Kategori
Berita

NU antara Keaswajaan dan Kebangsaan

DatDut.Com – “Nahdlatul Ulama itu organisasi yang unik,” celetuk Badrun, yang kemudian disahut Dul, teman sejawatnya, “Unik di mananya?”.

“Unik, karena biasanya organisasi itu berkiprah lebih dulu di tempatnya didirikan. Tapi NU beda. Dia justru berperan di luar negeri dulu daripada di dalam negeri,” jawab Badrun.

Memang, ditilik dari sejarahnya, berdirinya NU dipicu oleh pergolakan yang terjadi di tanah Hijaz yang kini bernama Saudi Arabia.

Saat itu, penguasa baru Hijaz (klan Ibn Saud) yang telah melepaskan diri dari Kekhalifahan Turki Utsmani bermaksud menerapkan mazhab beragama mereka, Wahabiyah, yang dikenal dengan nama kekinian, Salafi.

Tapi jangan harap mendapatkan pengakuan dari mereka bahwa mazhab yang dijalaninya adalah mazhab yang dihidupkan oleh Muhammad bin Abdulwahhab.

Mereka yang gemar disebut muwahidun, selalu menautkan ajaran mereka kepada para salafunasshalihin bukan pada putra ulama Hanabilah terkemuka Nejd, Syekh Abdulwahhab, itu.

Pada awal kekuasaannya, rezim Ibn Saud dengan segera mengejawantahkan apa yang digariskan dalam ajaran Muhammad bin Abdul Wahhab.

Salah satu di antaranya adalah memberangus peninggalan umat Islam terdahulu yang dianggap sebagai biang kesyirikan.

Agresivitas semacam inilah yang merisaukan para ulama ahlussunnah wal jamaah (aswaja). Salah satunya adalah Hadratussyekh Hasyim Asy’ari yang telah kembali dari ngangsu kawruh-nya di jazirah Arab.

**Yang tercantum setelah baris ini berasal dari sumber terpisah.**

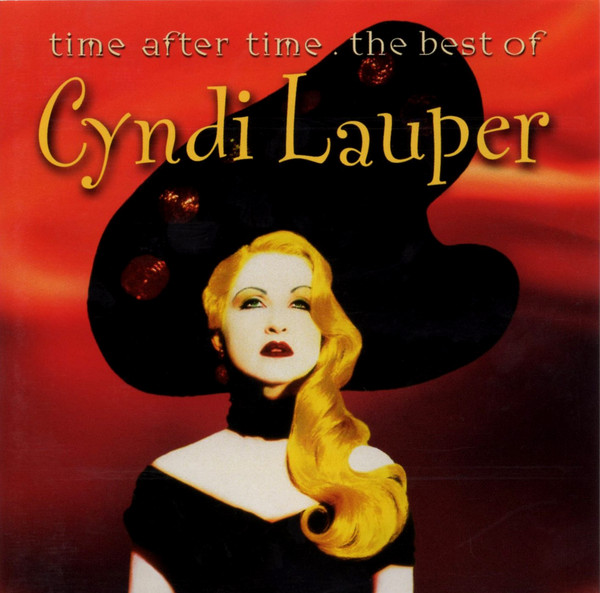 Time After Time: The Best Of | Cyndi Lauper - 1 | YEO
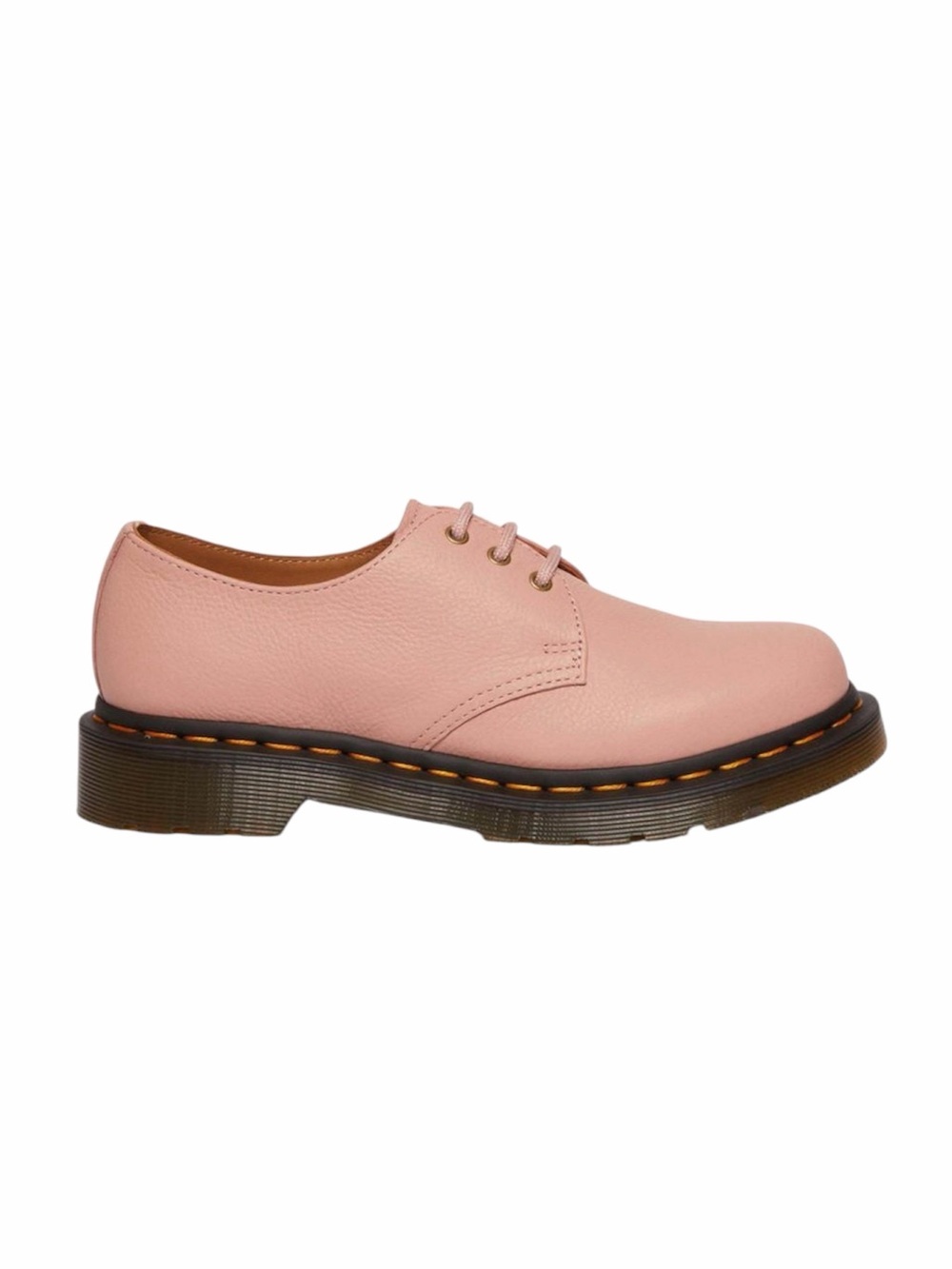 Dr. Martens 1461 WOMEN'S VIRGINIA LEATHER OXFORD SHOES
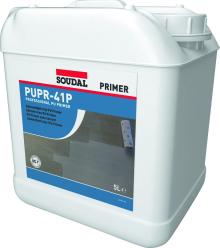 PUPR-41P / 聚氨酯防潮底涂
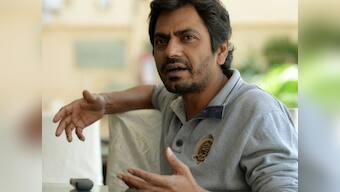 Nawazuddin Siddiqui, wife summoned by Thane police in connection with Call Data Record scam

Dari situlah, para ulama aswaja dari beberapa daerah berkumpul dan kemudian mengutus perwakilannya untuk menghadap raja Saudi Arabia, Ibn Saud.

Untuk itu, diinisiasilah organisasi para ulama dengan nama jam’iyyah Nahdlatul Ulama, pada 31 Januari 1926.

Selain berkiprah di lingkup keaswajaan, NU turut berkontribusi dalam usaha mewujudkan kemerdekaan republik ini.

NU, tak terbantahkan adalah organisasi yang berisikan orang-orang nasionalis. Asa untuk lahir menjadi sebuah bangsa merdeka tumbuh subur dalam sanubari para ulama NU dan ditularkan kepada para santri mereka.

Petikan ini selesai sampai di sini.